Is this proposed SEO work too much or too little?

The question baffles even the best marketing managers.

Keyword optimization.

Title tag rewriting.

Technical SEO.

How does a marketing team even evaluate these SEO tasks and put ROI to them, let alone arrive at an SEO budget that makes sense.

TLDR; How Much Should You Spend on SEO?

There’s no clear answer for this, as every site, company, and industry is different. The short answer is to keep spending until the ROI doesn’t make sense. If you’ve worked out your customer lifetime value (CLV) and also your cost per customer acquisition from SEO, then you’ll have a very clear picture of your ROI. If you’re not at this level of detail, you should aim to get here in the future.

If you haven’t worked out the above, then it becomes a bit harder to determine, but still possible. As a company, you should have a set overall marketing budget, often 5-10% or more of revenue, depending on the industry. You should have a certain percentage dedicated to your digital marketing overall, and then break that down even further to a certain percentage dedicated to organic traffic (SEO).

Let’s say you’ve dedicated 10% of your company’s revenue to marketing. Then let’s say you do some traditional offline marketing that consumes half of that budget. You now have 5% of your revenue dedicated to digital. Then you should take a look at other successful brands in your industry that you’re trying to emulate. Using SimilarWeb you can get a rough estimate of where they get their website traffic from. Let’s also say that your competitors are getting 50% of their website traffic from organic search. It would then make sense to assume that you should dedicate half of your digital budget to organic search, or 2.5% of your overall company’s revenue.

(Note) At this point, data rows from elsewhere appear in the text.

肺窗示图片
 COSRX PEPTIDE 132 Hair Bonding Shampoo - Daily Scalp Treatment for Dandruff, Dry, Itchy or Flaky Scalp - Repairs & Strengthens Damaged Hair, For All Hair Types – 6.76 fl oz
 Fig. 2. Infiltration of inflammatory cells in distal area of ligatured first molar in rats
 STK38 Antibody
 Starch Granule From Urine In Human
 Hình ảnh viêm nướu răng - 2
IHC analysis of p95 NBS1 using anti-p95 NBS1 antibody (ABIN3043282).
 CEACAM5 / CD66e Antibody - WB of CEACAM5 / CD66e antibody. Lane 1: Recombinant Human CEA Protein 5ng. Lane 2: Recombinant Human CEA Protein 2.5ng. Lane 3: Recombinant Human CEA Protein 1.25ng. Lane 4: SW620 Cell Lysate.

These numbers will vary for every company, but this is one example of how to arrive at a reasonable number.

Here’s a hypothetical range of companies and how much they should spend on SEO:

Company TypeRevenue/YrMarketing %Marketing $SEO % of MktgSEO $
Established Ecommerce Giant$1b10%$100m15%$15m
VC Funded High-Growth Fintech$50m20%$10m30%$3m
Top Shopify Ecommerce Site$30m25%$7.5m20%$1.5m
B2B SaaS$10m15%$1.5m30%$500k
Large Local Services Provider$5m10%$500k40%$200k
Commercial Printing$1m10%$100k60%$60k

Let’s dive a bit deeper five strategies to arrive at a logical SEO budget, starting with the simplest, and finishing with the most sophisticated.

1) Base on Overall (Digital) Marketing Budget

It’s really hard to know what your overall marketing budget should be, let alone digital, let alone SEO. There are full blog posts, books and courses dedicated to that, but in summary, these are common approaches to finding a marketing budget:

  1. Flat rate dollar approach – based on what you can afford (least difficult, least accurate)
  2. Percentage of sales – popular method, usually 9-12% of annual budget (less difficult, more accurate)
  3. Match competitor – base budget on what competitors are spending to keep up (less accurate, more difficult)
  4. Marketing plan objective – budget aligns with objectives, though most logical by most (more difficult, more accurate)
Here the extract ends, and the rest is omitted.